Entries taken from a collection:
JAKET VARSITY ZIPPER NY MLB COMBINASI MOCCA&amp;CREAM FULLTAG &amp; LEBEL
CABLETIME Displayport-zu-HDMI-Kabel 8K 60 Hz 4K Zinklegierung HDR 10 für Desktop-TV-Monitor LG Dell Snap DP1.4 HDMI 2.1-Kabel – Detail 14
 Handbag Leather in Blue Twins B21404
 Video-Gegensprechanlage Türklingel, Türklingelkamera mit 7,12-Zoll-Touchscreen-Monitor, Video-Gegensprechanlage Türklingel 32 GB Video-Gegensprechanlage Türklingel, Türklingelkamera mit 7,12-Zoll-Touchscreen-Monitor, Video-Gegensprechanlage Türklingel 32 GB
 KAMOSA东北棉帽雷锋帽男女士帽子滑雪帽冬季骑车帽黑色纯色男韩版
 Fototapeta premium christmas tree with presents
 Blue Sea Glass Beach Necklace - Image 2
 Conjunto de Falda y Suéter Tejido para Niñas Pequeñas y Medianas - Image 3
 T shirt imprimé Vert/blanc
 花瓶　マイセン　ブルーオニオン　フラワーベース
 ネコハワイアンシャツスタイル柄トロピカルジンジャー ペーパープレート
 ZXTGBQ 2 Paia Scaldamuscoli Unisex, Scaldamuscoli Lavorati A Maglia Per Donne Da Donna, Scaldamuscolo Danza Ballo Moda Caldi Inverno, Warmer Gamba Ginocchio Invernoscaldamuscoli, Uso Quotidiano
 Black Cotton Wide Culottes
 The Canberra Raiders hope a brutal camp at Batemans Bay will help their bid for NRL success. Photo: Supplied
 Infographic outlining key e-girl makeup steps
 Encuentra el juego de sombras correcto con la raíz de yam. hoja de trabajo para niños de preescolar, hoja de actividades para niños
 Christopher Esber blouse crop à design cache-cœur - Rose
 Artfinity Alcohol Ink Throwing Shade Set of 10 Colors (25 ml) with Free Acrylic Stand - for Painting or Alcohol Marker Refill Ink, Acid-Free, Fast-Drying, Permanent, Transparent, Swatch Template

→ Exercise goal: Wherever the word "para" occurs in the data above, copy the line it sits in.

→ Answer area:
 Conjunto de Falda y Suéter Tejido para Niñas Pequeñas y Medianas - Image 3
 Encuentra el juego de sombras correcto con la raíz de yam. hoja de trabajo para niños de preescolar, hoja de actividades para niños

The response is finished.